Dylan had already earned her bachelor’s degree in women’s studies and, in September 2008, while working in preparation for entering a master’s program, came up with the idea.
Dylan has gotten numerous offers and as of this point the highest bid is, as she put it, “a cool $3.8 million.” She has avoided any pesky prostitution prosecutions by making the offer via a whorehouse in Nevada, where prostitution is legal.
Make no mistake, however, Dylan is selling sex, not love. “I get some men who are obviously looking for a girlfriend but I try and make it clear that this is a one-night-offer only,” she told a newspaper in the U.K.
But in defense of her entrepreneurial experiment, Dylan made clear her core belief about sex: It’s all about personal, individual satisfaction.
“I think me and the person I do it with will profit greatly from the deal,” she said.
Sex at its basest
How is it possible to conceive of such a cold and callous experience as something that is profitable to both parties? After all, we are talking about prostitution.
But the postmodern view of sex is that there is nothing intrinsically beautiful about it – certainly nothing sacred. It’s just simple down-in-the-dirt, even-animals-do-it copulation.
This is the rationale for The Ashley Madison Agency, a company dedicated to providing a “dating service” for married people wanting to commit adultery. According to founder Noel Biderman the business has 3.86 million members.
He told the Toronto Sun, “Physical intimacy is no different than requiring oxygen to breathe or water to drink. If it’s missing in your relationship, I don’t care who you are … you’re going to step outside your relationship. That’s the bottom line.”
Many postmodernists move quickly to detach sexuality from the realm of the sublime. Journalist and author Kathy Dobie, for example, thinks there is nothing wrong with the hook-up culture – casual sex with whomever and whenever – that dominates the lifestyles of many American young adults.
Girls who live the hook-up life “refuse to conflate … love and sexuality,” Dobie said in the Washington Post, while those who warn against hooking up are combining the two unnecessarily. “Sometimes [love and sex] coexist, sometimes not,” she said.
Ho-hum. Sex has become a form of entertainment that can be detached from life and love as easily as an iPod from a computer.

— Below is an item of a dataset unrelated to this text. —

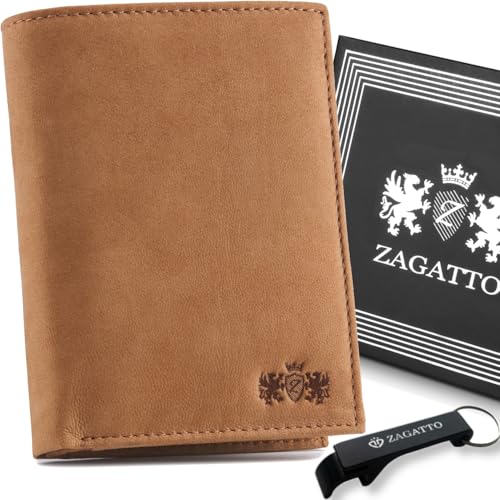 Zagatto Leder Geldbörse Herren - Cognac/Braun Portmonee Herren - RFID Secure - 8 Fächer für Kreditkarten Wallet for Men Geldbeutel Herren ZG-N4-F10 von Zagatto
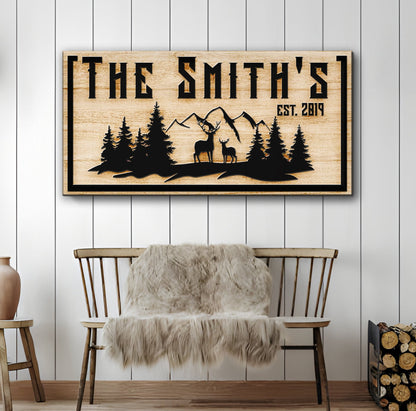 Family Mountain Sign III canvas wall art with rustic silhouette of mountains and deer EST 2019 on Tampa Home & Garden Store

In a column titled, “In Defense of Casual Sex,” Salon.com blogger Tracy Clark-Flory bluntly said, “I put my academic and career achievements ahead of romantic relationships, and allowed myself plenty of uncommitted [sexual] entertainment along the way.”
All about me
The Natalie Dylan and Ashley Madison cases are, of course, extreme expressions of the postmodern ethic. Nobody believes that a majority of Americans are in favor of selling sex to the highest bidder. And on the matter of what Biderman’s business does, most people in the U.S. (91%) still view adultery as being wrong.
But while the expression is extreme, the underlying philosophy is mainstream. Both Dylan and Biderman manifest an intrinsically self-centered view of sexuality that is pervasive. Sex – whether within marriage or not – is simply a part of the individualistic journey of self-discovery.
“We feminists do, indeed, love words like ‘empowerment’ and ‘respect,’ but there’s one we like even more: choice,” said Clark-Flory. “The problem is that, too often, the abstinence movement prescribes a particular path [of waiting for marriage before having sex], rather than encouraging young women to blaze their own trail.”
This is postmodern sex at its most brazen. Not only are there no moral principles governing sex – with the exception that it must be consensual – but no one even has the right to suggest that there might be some absolute truths governing coitus. It is hyper-individualism writ large.
But if sex is primarily an expression of individualism, then it essentially becomes nothing more than a masturbatory exercise. A string of sexual partners simply serves personal desires and fantasies, and the other person involved is a mere prop. He or she becomes the personification of the fully pornified imagination.
It should be no surprise, of course, that the postmodern approach to sex is not explained in such vulgar terms. In fact, defenders of casual sex like Clark-Flory go to great lengths to put a positive spin on hooking up.
“I’ve found that casual sex can be healthy and normal and lead to better adult relationships. … Hopefully, by taking several test-drives before buying, we’ll be happier with our final investment,” she said.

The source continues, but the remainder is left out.